- DIRECTIONS FOR THIS TASK: Find the line that contains "Asap Wilderness Casual Dress (view 1)" in the records below, then repeat exactly that line and each one after it, leaving pictures out.

Short web captions
# # # #

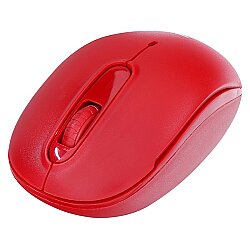 Everest Kablosuz Mouse SMW-666 Kırmızı - 3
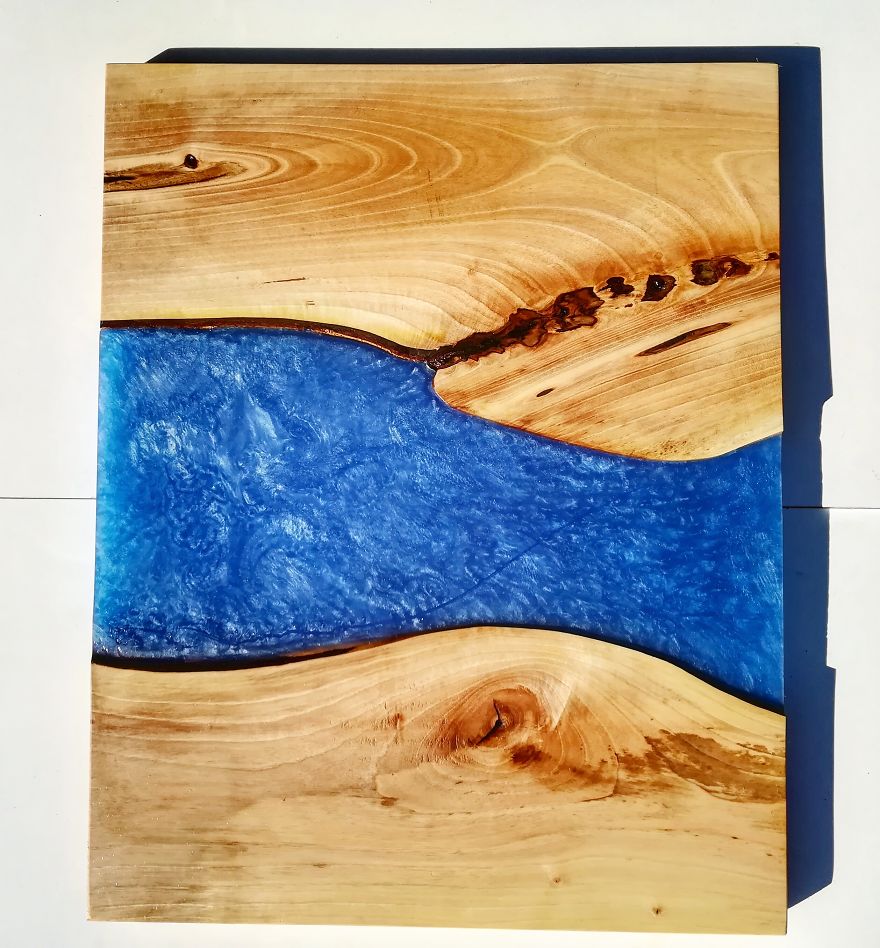 Artisan Woodworking By A Mom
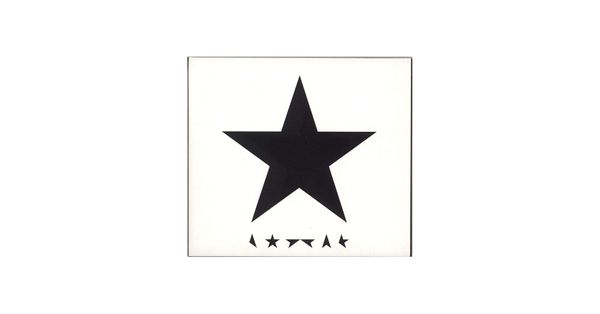 0108 Blackstar-David Bowie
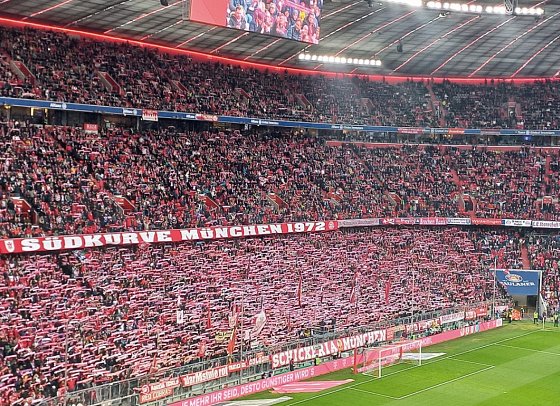 Deutsche Bundesliga Bayern München 2026-27 - FC Bayern Allianz Arena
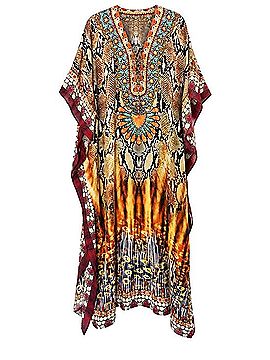 Asap Wilderness Casual Dress (view 1)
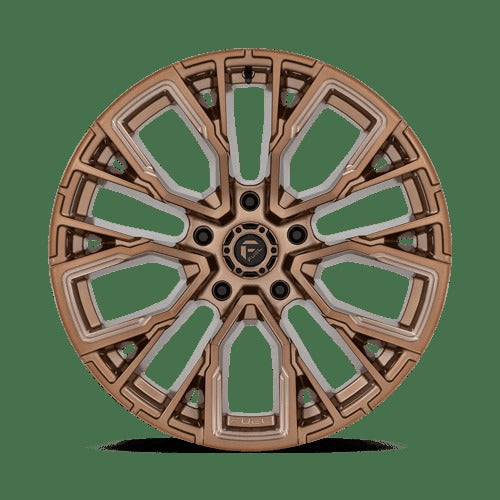 D850 20X10 5X5.0 PLT-BRZ-MILL -18MM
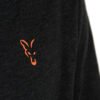 Fox Collection T Black & Orange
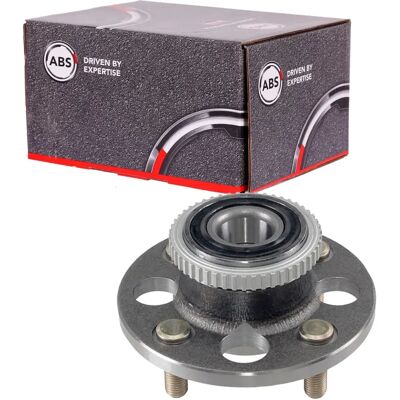 A.B.S. 201671 Kit cuscinetti ruota - Posteriore, Honda Logo A.B.S. 201671 Kit cuscinetti ruota - Posteriore, Honda Logo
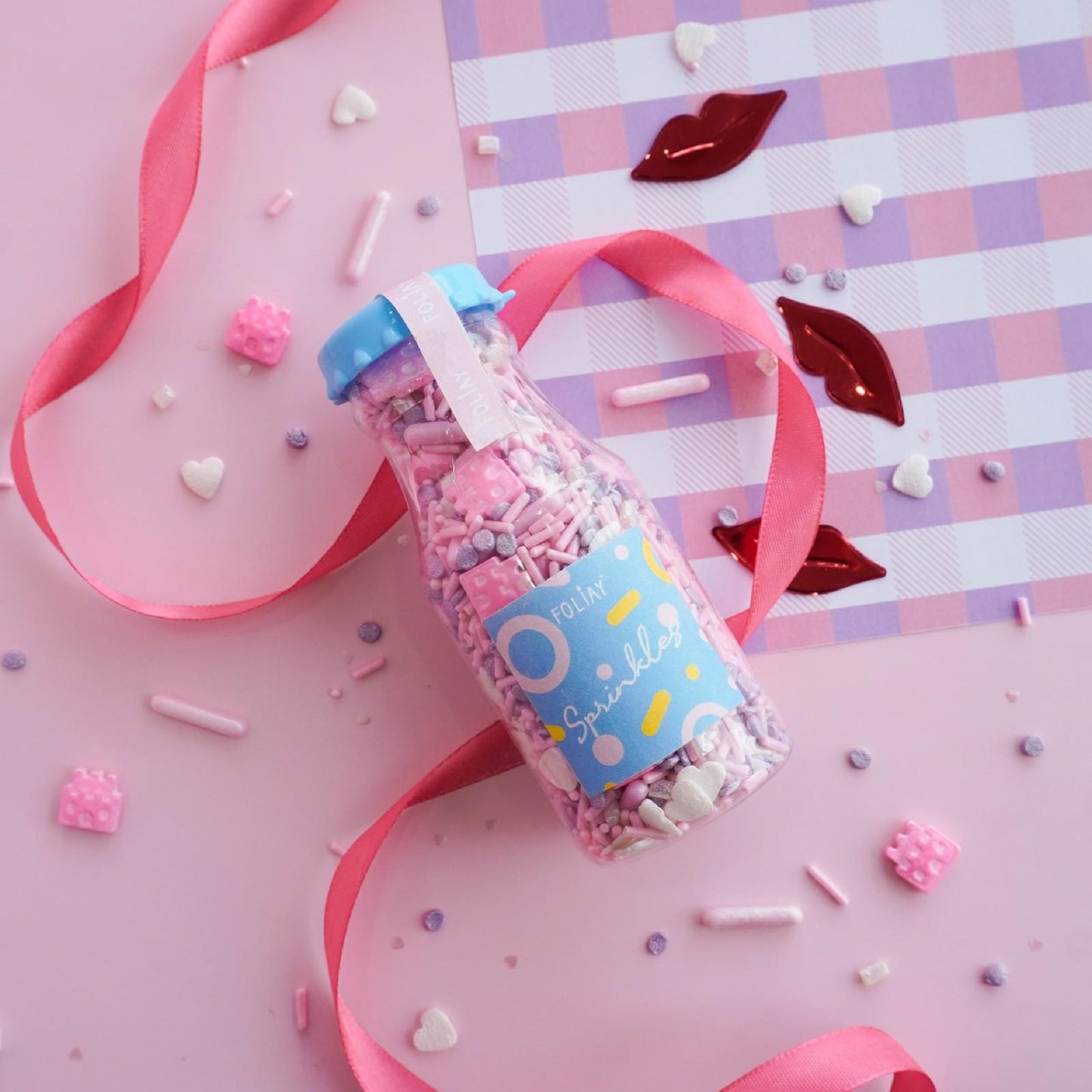 Princess Diary Sprinkle Mix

# # # #

- SOLUTION TO THIS EXERCISE:
 Asap Wilderness Casual Dress (view 1)
 D850 20X10 5X5.0 PLT-BRZ-MILL -18MM
 Fox Collection T Black & Orange
 A.B.S. 201671 Kit cuscinetti ruota - Posteriore, Honda Logo A.B.S. 201671 Kit cuscinetti ruota - Posteriore, Honda Logo
 Princess Diary Sprinkle Mix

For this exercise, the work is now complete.